I liked Henry. Apart from anything else, he was the only adult in that great house who ever asked me how I did. What really won me over, though, was his affection for the children. Sometimes, in school holidays, when I had charge of all the older ones, he would ask if he could take them off to play. “It’s no trouble at all, Miss Sharp,” he would say, holding my gaze with big, round eyes. “You would be doing me a great service, believe me. I get so tired of London life and all the false ways one encounters there. I find the company of children so refreshing, for they always say exactly what they mean.”

I had never seen a man so eager for the company of children. So intrigued was I that I asked Fanny if her uncle had any himself. “Oh no,” she replied. “Mama says Aunt Eliza is far too old for that.”

Now the curiosity Henry had aroused in me transferred itself to the willowy creature who might have been his twin. She shared not just his tall, slender figure but dark-lashed, intelligent eyes of the same hazel hue. Both had olive skin and curly chestnut hair that framed their faces. They looked so very different from Edward, who clung to the fading fashion for powdered wigs and had the ruddy complexion of a man who was happiest outdoors with a gun across his arm. I soon noticed, though, that while Jane looked like one brother, she had the air of neither. There was no trace of Henry’s ebullience about her and none of Edward’s easy confidence. From the snippets of family background Fanny came out with, I formed the impression that, like me, Jane found it difficult to be herself in a place where she was neither fish nor fowl.
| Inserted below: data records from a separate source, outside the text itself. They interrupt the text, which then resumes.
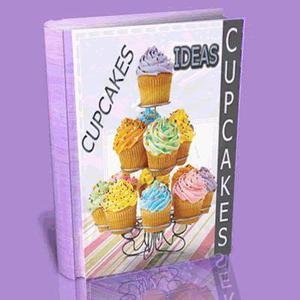 Manual Ideas Para Decorar Cupcakes Con Recetas Y Tecnicas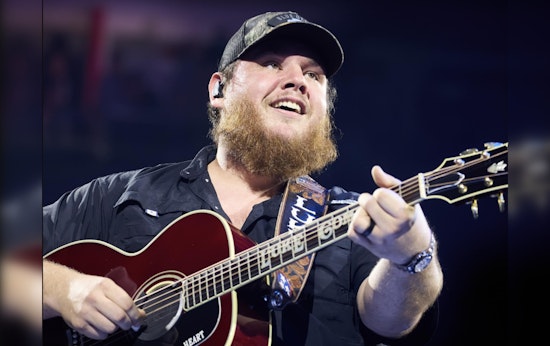 Lawsuit Blues Over Tumblers, Luke Combs Steps In to Help Florida Fan Facing $250K Fine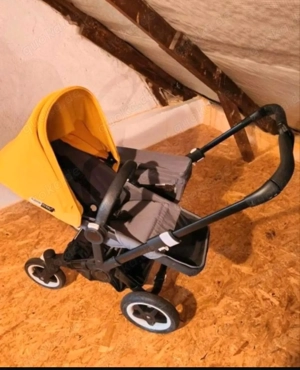 Bugaboo Geschwister Kinderwagen Set + viel Zubehör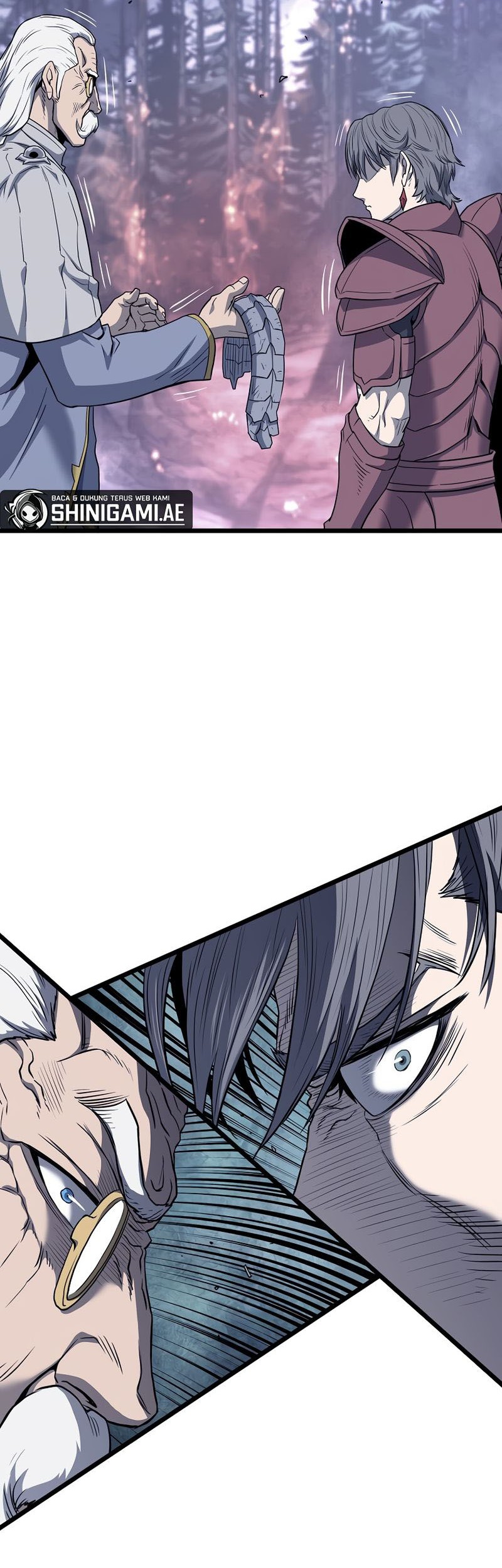 Murim Login Chapter 201 - Halaman 39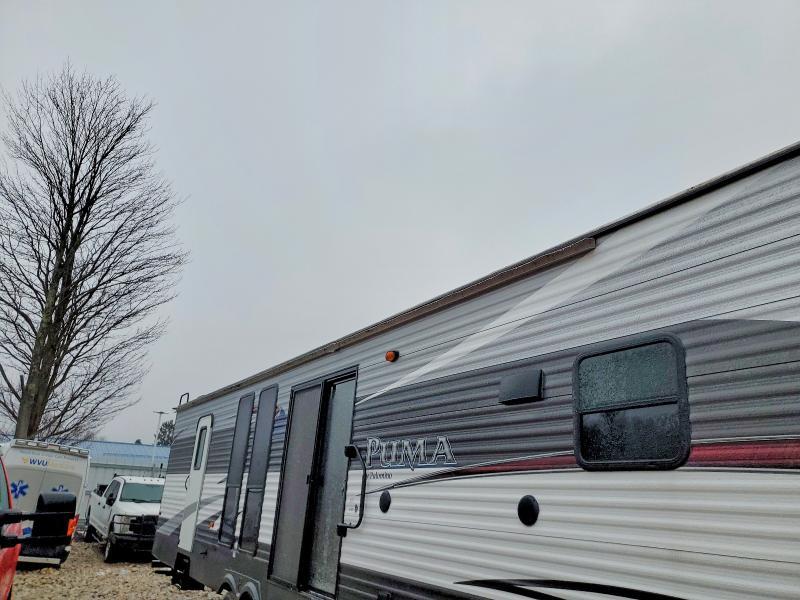2016 Puma 2016 Forest River Puma PT39BHT Camper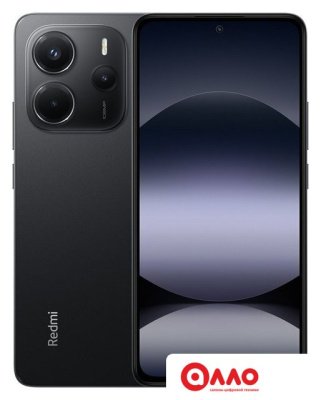 Телефон Xiaomi Redmi Note 14 6GB/128GB международная версия (черный)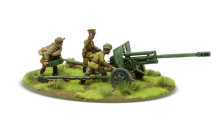 Bolt Action: Soviet ZIS-3 76mm Divisional Gun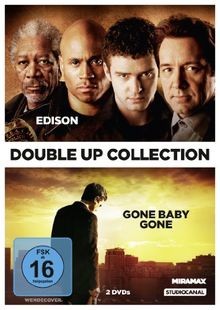 Double Up Collection: Edison / Gone Baby Gone [2 DVD... | DVD | Zustand sehr gut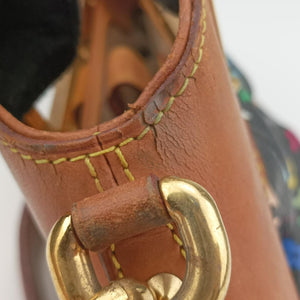 JUDY PM Noir Monogram Multicolor TH5019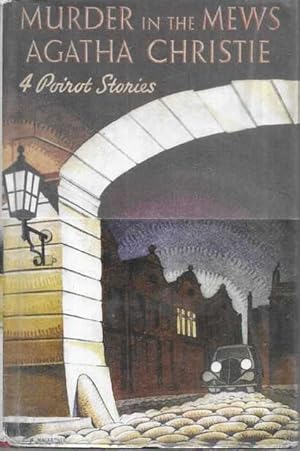 Imagen del vendedor de Murder in the Mews: 4 Poirot Stories a la venta por Leura Books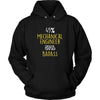 Mechanical Engineer Shirt - 49% Mechanical Engineer 51% Badass Profession-T-shirt-Teelime | shirts-hoodies-mugs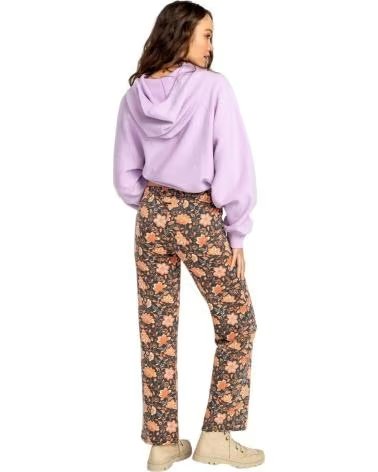 BILLABONG PANTALON LONG IMPRIMÉ BILLABONG POUR FEMME MULTICOLOR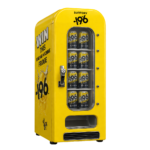 Vending Machine Can Fridge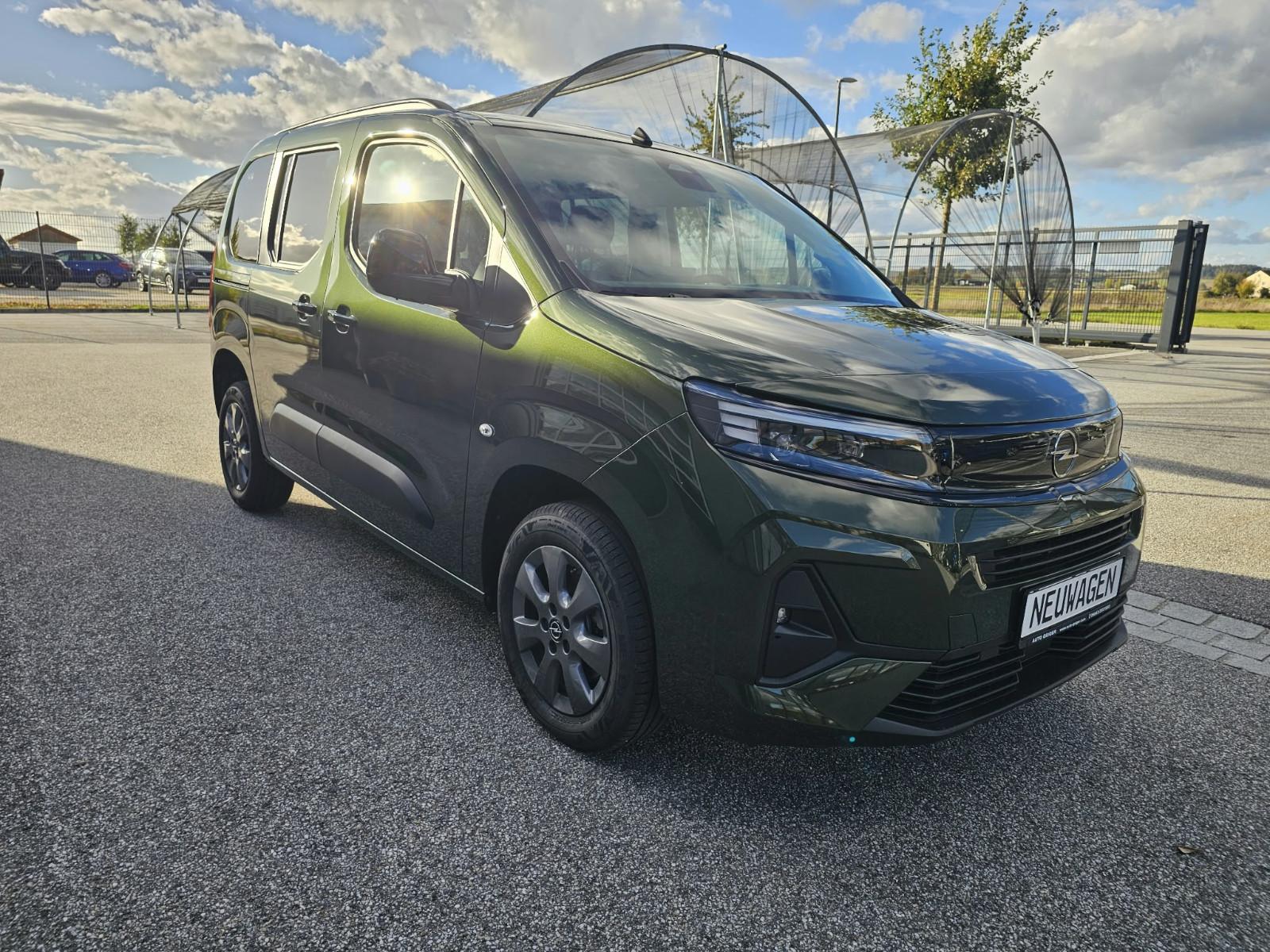 Opel Combo Life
“Grandpapa Austen was a parson with gray whiskers that tickled,” Fanny told me one day in an attempt to forestall a test on Latin verbs. “But he’s dead now, so Aunt Jane and Aunt Cass live with Grandmama to keep her company. Mama says they must because they don’t have husbands.”
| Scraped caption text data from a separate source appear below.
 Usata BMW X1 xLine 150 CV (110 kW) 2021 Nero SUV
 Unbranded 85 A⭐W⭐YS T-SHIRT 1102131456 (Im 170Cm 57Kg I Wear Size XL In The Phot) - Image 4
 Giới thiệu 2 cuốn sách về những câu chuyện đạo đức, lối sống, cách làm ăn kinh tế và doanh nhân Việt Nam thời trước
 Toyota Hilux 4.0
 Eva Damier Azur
I wanted to ask why they didn’t have husbands. I guessed that Jane was in her late twenties, like me, and her sister a little older. Their spinsters’ caps suggested that they had given up looking. And yet I would see Jane each morning, creeping away from the house, as if for an assignation. I could never sleep beyond sunrise and as I sat reading at my window I would catch sight of her heading for the little Greek temple that sat on a hill high above the river that snaked through the parkland. She would be there for an hour or two each morning, rising long before her mother and sister were up and about. I never saw anyone else take that path at that time, but there were ways through the woods for those familiar with the estate. As one who missed the solace of family, it never occurred to me that she might be going there to escape that grand house and all those within it.